Als die Staatsanwaltschaft Videobilder der sinkenden „Sewol“ zeigte, übermannte der Schmerz die Hinterbliebenen der rund 300 Opfer. Sie brachen angesichts der Bilder in Tränen aus, viele schrien die 15 Angeklagten an.

Gwangju. In dem Prozess um das schwere Fährunglück in Südkorea haben Angehörige der rund 300 Opfer ihren Gefühlen freien Lauf gelassen. Todesdrohungen und Tränen erfüllten am Dienstag den Gerichtssaal in der südkoreanischen Stadt Gwangju, in dem sich der Kapitän und 14 weitere Besatzungsmitglieder verantworten müssen. Der Schmerz der Hinterbliebenen brach sich Bahn, als die Staatsanwaltschaft Videobilder der sinkenden „Sewol“ zeigte.

Auf den von Rettungshubschraubern und -booten aus aufgenommen Videos war zu sehen, wie Passagiere verzweifelt versuchten, sich aus dem sinkenden Schiff zu retten. Eine Nahaufnahme zeigte, wie sich der Kapitän und andere Besatzungsmitglieder durch einen Sprung ins Meer in Sicherheit brachten. Dutzende Angehörige von Opfern waren im Gerichtssaal anwesend. Sie brachen angesichts der Bilder in Tränen aus, viele schrien die 15 Angeklagten an.

In dem am 10. Juni begonnenen Prozess sind der Kapitän Lee Joon Seok und drei andere ranghohe Crew-Mitglieder wegen fahrlässiger Tötung in besonders schwerem Fall angeklagt, ihnen droht die Todesstrafe. Elf weitere Besatzungsmitglieder müssen sich wegen minder schwerer Verletzungen des Seerechts verantworten.

Der Kapitän und seine Untergebenen sollen die Passagiere auf dem sinkenden Schiff angewiesen haben, zu bleiben, wo sie waren – fast eine Stunde lang harrten die Passagiere somit in ihren Kabinen oder auf ihren Sitzen aus. Die Schiffsführung verließ die Fähre, während hunderte Menschen noch darin festsaßen. Bei dem Unglück am 16. April kamen rund 300 Menschen ums Leben, unter ihnen etwa 250 Schüler einer Schule in Ansan.

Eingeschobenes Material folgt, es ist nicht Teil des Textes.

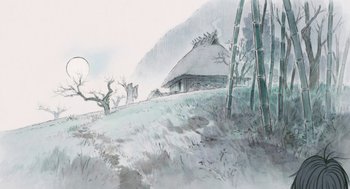 Movie still from “The Tale of The Princess Kaguya” (2013), directed by Isao Takahata – An artistic drawing of a house on a hill; Extreme Wide shot, Low angle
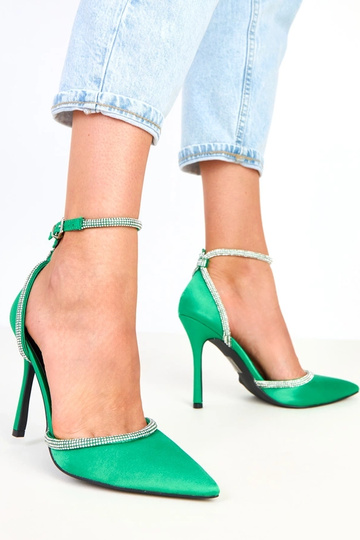 Žali satininiai aukštakulniai su cirkoniais užsegami ties kulkšnimi Zizia 2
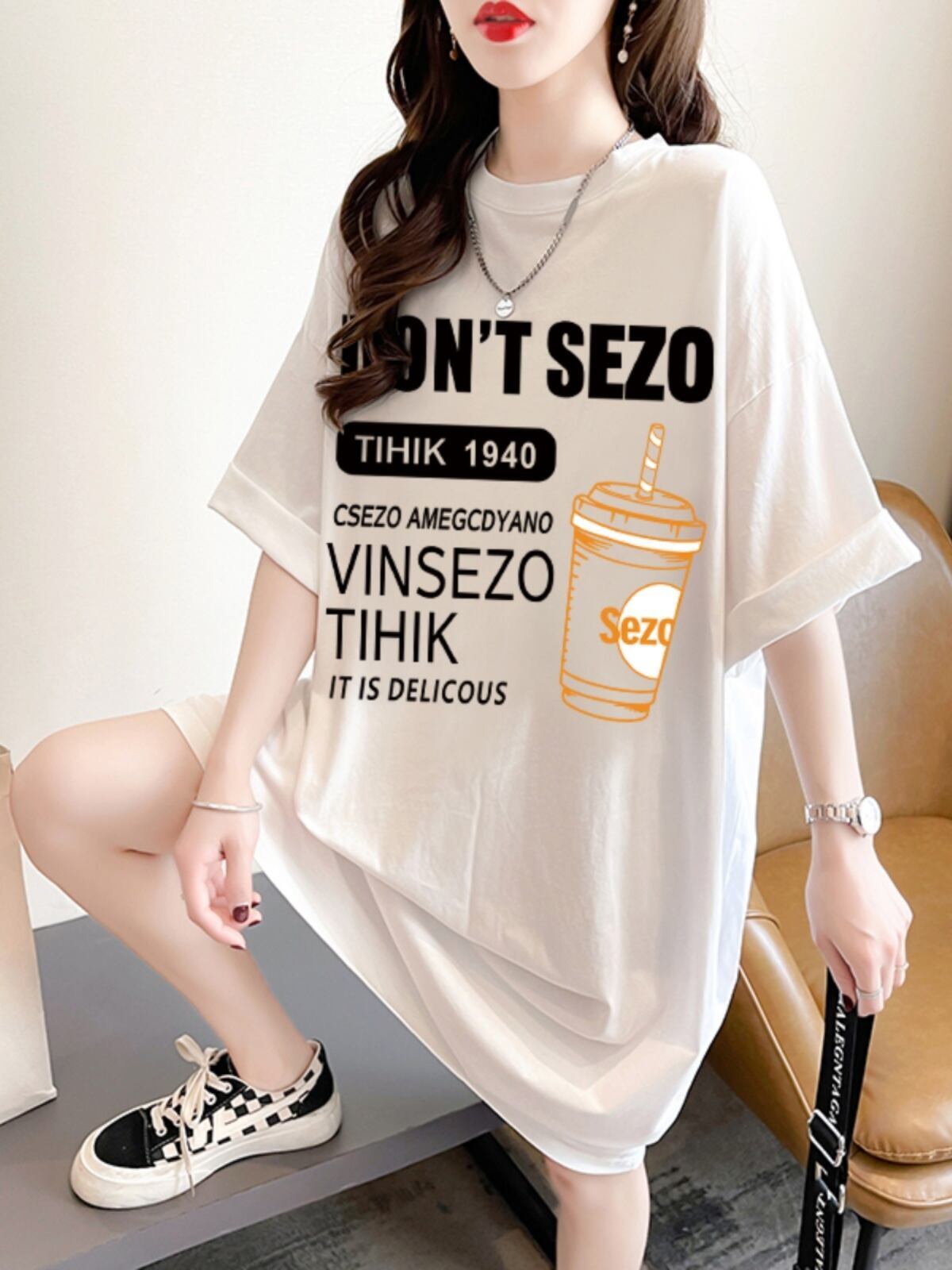 快適 ラウンドネック カジュアル 半袖 Tシャツ ワンピース＜S-8634＞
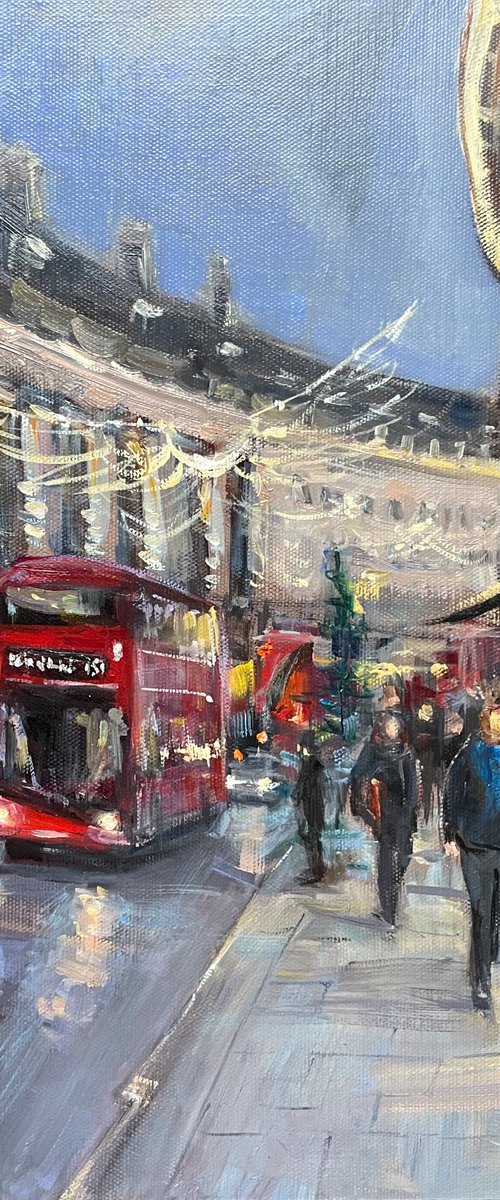 Regents Street. Christmas London (40x30cm) by Eugenia Alekseyev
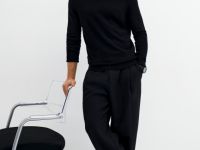 Базовый вязаный джемпер с воротником, Черный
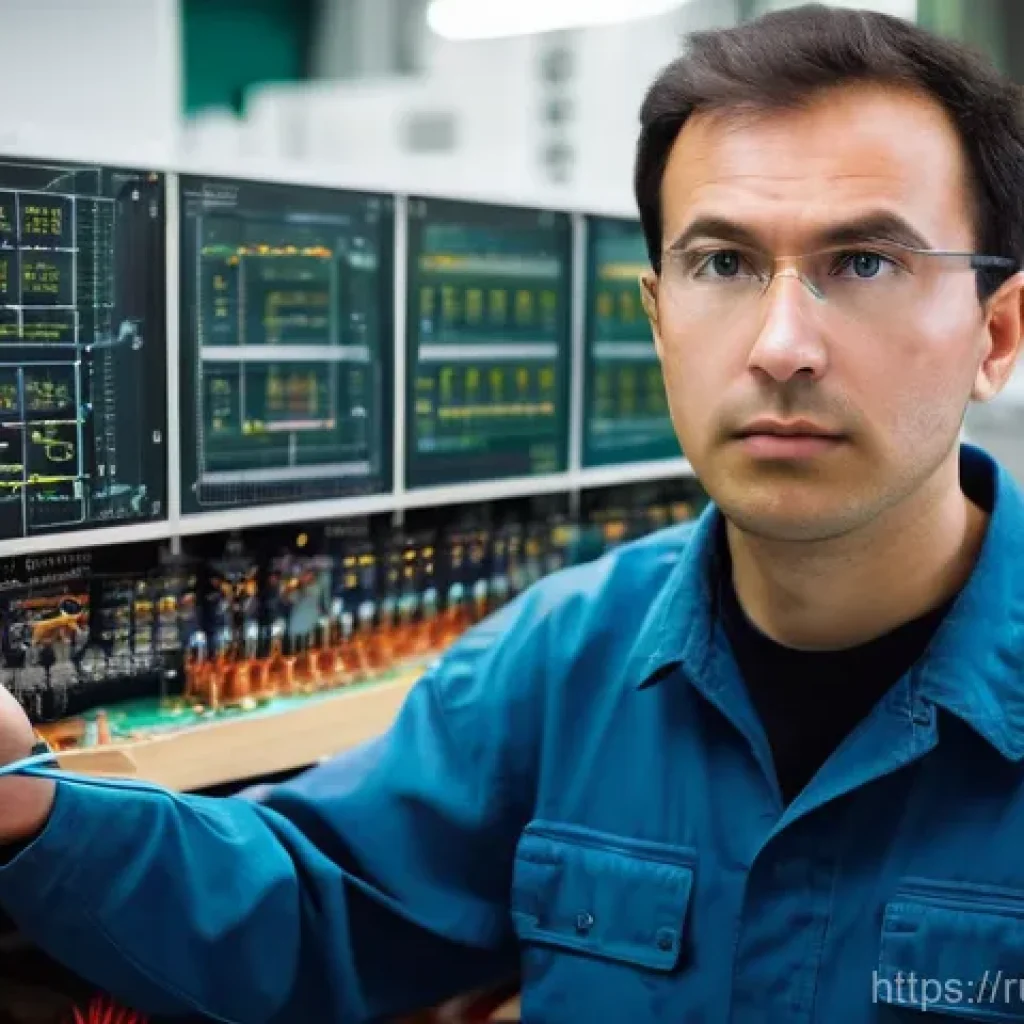 전자기술사 이론과 실제의 차이점 - **Prompt:** A focused electrical engineer, a man in his late 30s with short, neatly combed hair and ...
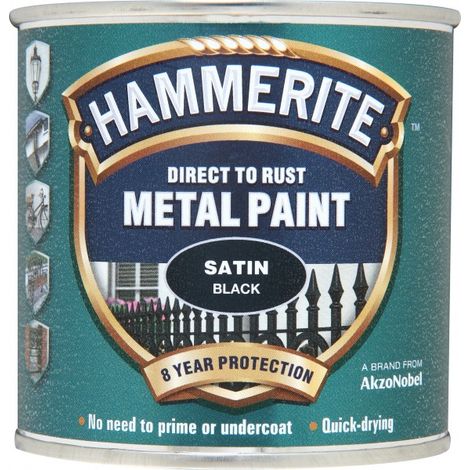 Hammerite Direct to Rust Satin Finish Black Metal Paint 250ml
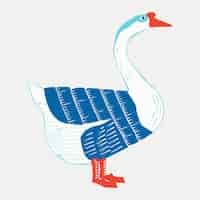 Free vector colorful goose vector linocut vintage drawing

Die Staatsanwaltschaft zeigte anhand eines Modells der „Sewol“, wo sich die meisten Passagiere zum Zeitpunkt des Unglücks aufhielten. „Bei einer rechtzeitigen Evakuierung hätten diese Schüler durch diese Ausgänge fliehen können“, sagte einer der Staatsanwälte, während er das Modell erläuterte. „Aber die meisten von ihnen haben in ihren Kabinen gewartet und sind gestorben. Wir werden zeigen, dass dies dem Verhalten der Angeklagten geschuldet ist.“

„Ihr Hurensöhne, ich bringe euch um“, schrie eine Frau in Richtung Anklagebank. Der Vater eines Opfers rief dem Richter zu: „Die Beweise sind eindeutig. Sie alle sind menschlicher Abschaum. Wir sollten sie ertränken.“ Weitere Angehörige schlossen sich den Beschimpfungen an. Eine Frau musste daran gehindert werden, ihre Schuhe auf die Angeklagten zu schleudern.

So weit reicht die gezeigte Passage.